Just like in the normal school setting, Tinio said students of the Philippine School for the Deaf were learning their lessons using the ASL and artificial systems such as the Signing Exact English, or SEE (which offers a literal interpretation of English words), but when they go out of their classrooms, they communicate in FSL.
Shifting from ASL to FSL would only require “retooling” on the part of public and private schools for the deaf.
If hearing Filipinos had hankered for the use of the native tongue to have full access to all aspects of economic, political and cultural life, “the deaf also have the right to be taught in their own national sign language,” Tinio said.
Tinio was accompanied by at least 50 deaf students at the session hall where he introduced his bill.
The young students marched to the House of Representatives from Philcoa, Quezon City, where they earlier held their version of a “noise barrage” with nothing but their gesturing hands and bright faces.
They called for the passage of the measure declaring a national sign language to be taught and used in all official transactions involving the deaf.
Their “noise” came from whistles they blew every now and then to express their support for HB 6079.
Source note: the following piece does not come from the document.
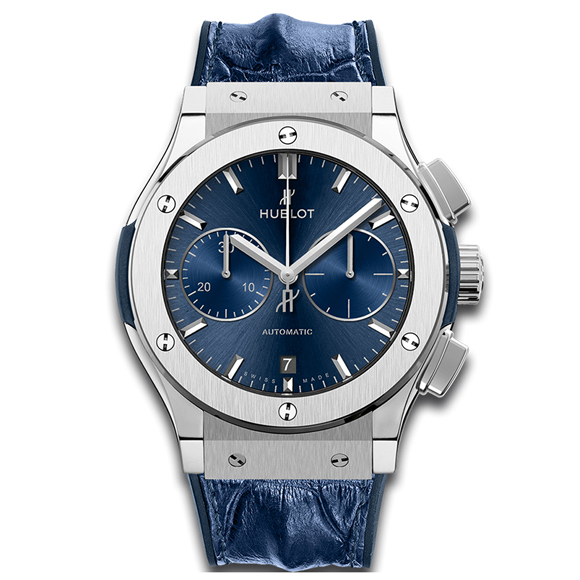 CLASSIC FUSION BLUE CHRONOGRAPH TITANIUM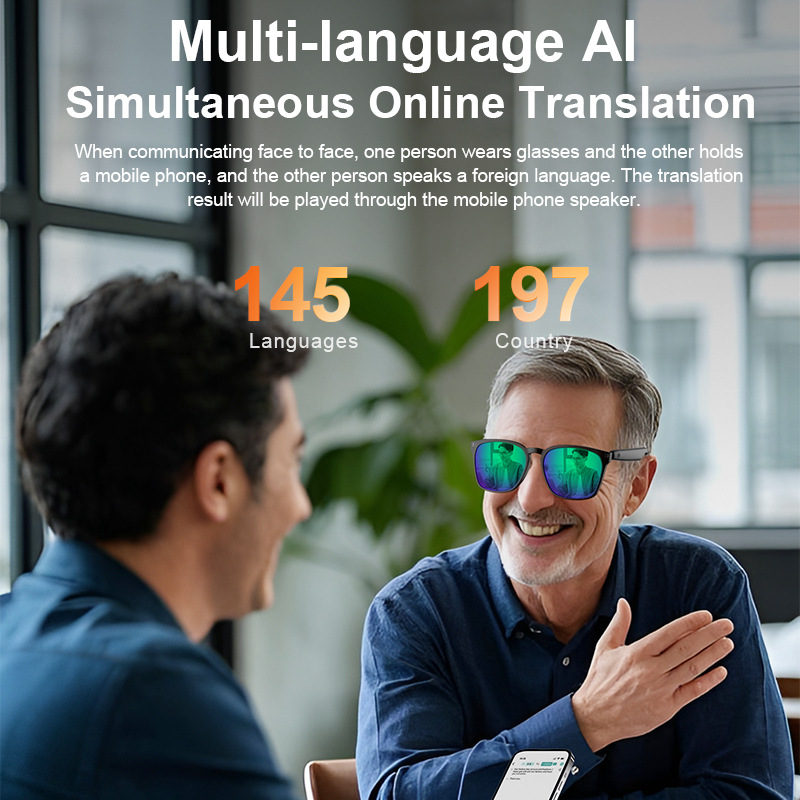 Ai smart bluetooth glasses off - đánh giá và giá Audio Music To Video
Most of them also held up makeshift banners backing the bill in between gesturing in sign language.
Affiliated with the Philippine Federation of the Deaf, the group also stopped briefly at the Commission on Human Rights before going to Batasang Pambansa, where representatives hold their offices.
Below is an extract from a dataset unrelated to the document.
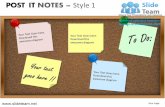 Post it notes on blackboards design 1 powerpoint ppt templates.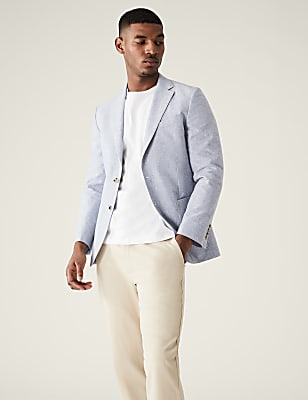 Linen Rich Textured Jacket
At the rally, Tinio said the FSL, if adopted by law, would be taught in schools and used in government offices, workplaces, the courts, media, health facilities and other transactions involving the deaf community.
He pointed out that deaf learners had the right to their own culture and identity, too.
“Local and international research says that lack of recognition of a culture’s sign language and limited availability severely restricts or totally impedes the rights of the deaf to form and express their own opinion and participate in society,” Tinio said at the rally.
Tinio said that there was some opposition to the bill, primarily by promoters of the American Sign Language and artificial sign systems such as Signing Exact English.
He also lamented that there was no official or government-sanctioned registry agencies yet for sign language interpreting.